What is expected: As the output, give exactly the lines that run from the one with "Vendo espelho com" through the end of the records below, and omit pictures.

Information shown:
◇ ◇ ◇ ◇ ◇

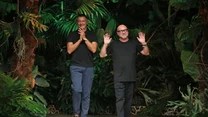 Duetu Dolce&Gabbana nie trzeba nikomu przedstawiać. Włoscy projektanci, Domenico Dolce i Stefano Gabbana, założyli ten dom mody w 1985 roku. Ich kreacje noszą najsłynniejsze gwiazdy, takie jak Victoria Beckham, Madonna czy Johny Depp. 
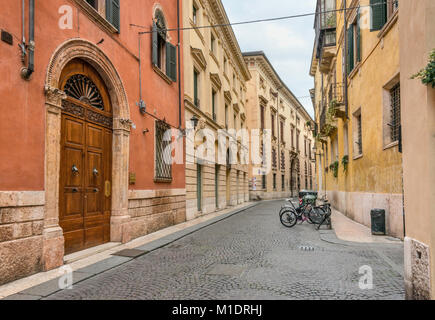 Via Oberdan, street nel centro storico di Verona, Veneto, Italia Foto Stock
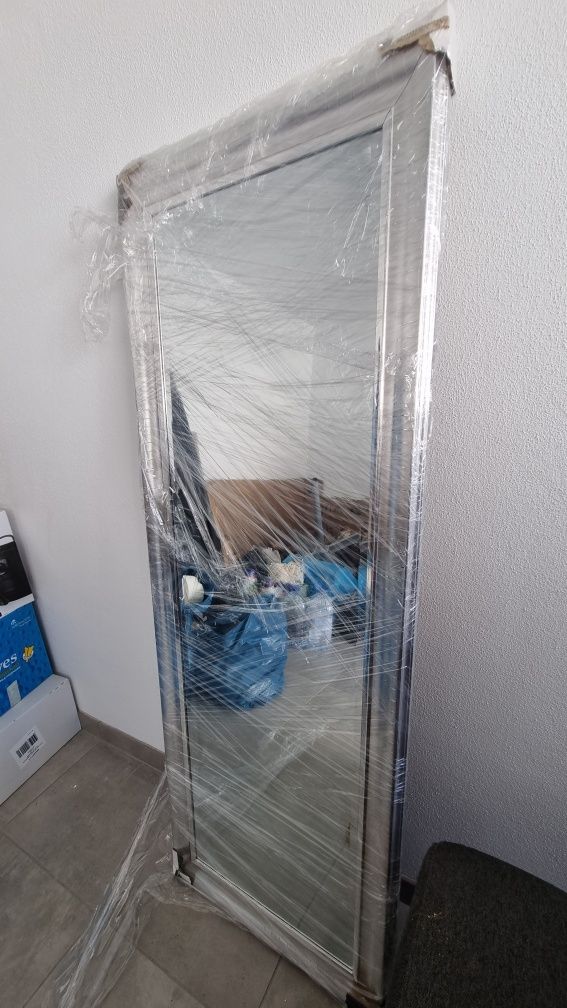 Vendo espelho com moldura 1.68m de altura e 60cm de largura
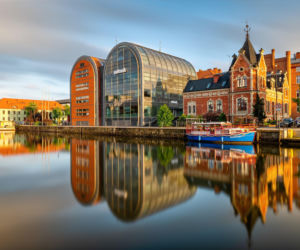 Bydgoszcz. Nowe Spichrze (1996) i pałacyk Lloyda (1886)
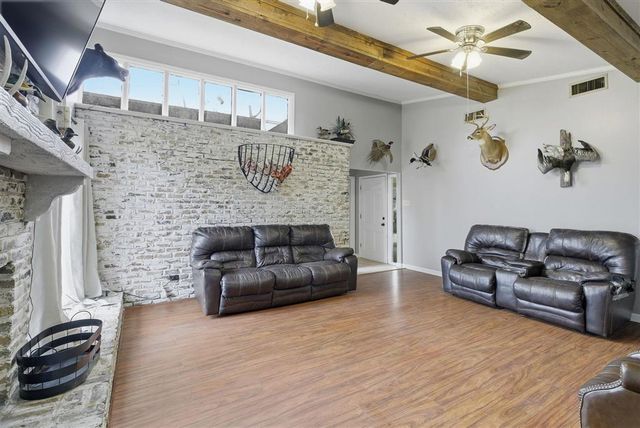 366 W Borel Dr, Lake Charles, LA 70611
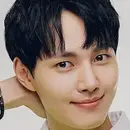 Café, s'il vous plaît-Lee Tae-Ri1.webp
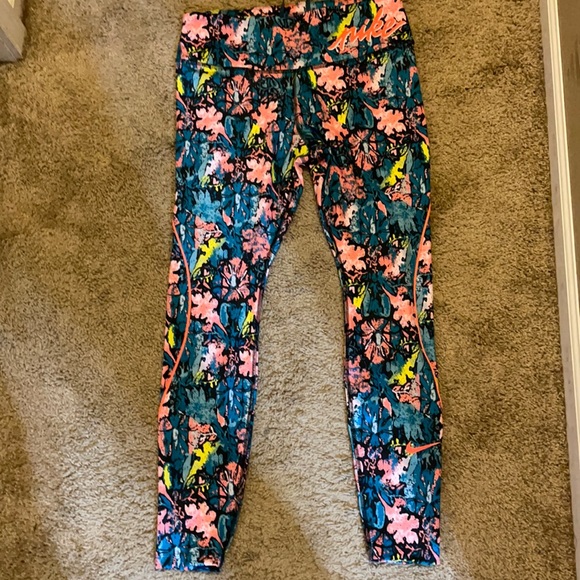 Nike Pants - New Nike Leggings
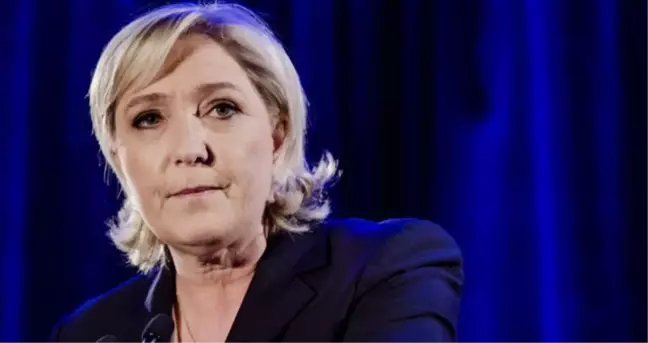 Ap, Cumhurbaşkanı Adayı Le Pen'in Dokunulmazlığını Kaldırdı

◇ ◇ ◇ ◇ ◇

Solution for this task:
 Vendo espelho com moldura 1.68m de altura e 60cm de largura
 Bydgoszcz. Nowe Spichrze (1996) i pałacyk Lloyda (1886)
 366 W Borel Dr, Lake Charles, LA 70611
 Café, s'il vous plaît-Lee Tae-Ri1.webp
 Nike Pants - New Nike Leggings
 Ap, Cumhurbaşkanı Adayı Le Pen'in Dokunulmazlığını Kaldırdı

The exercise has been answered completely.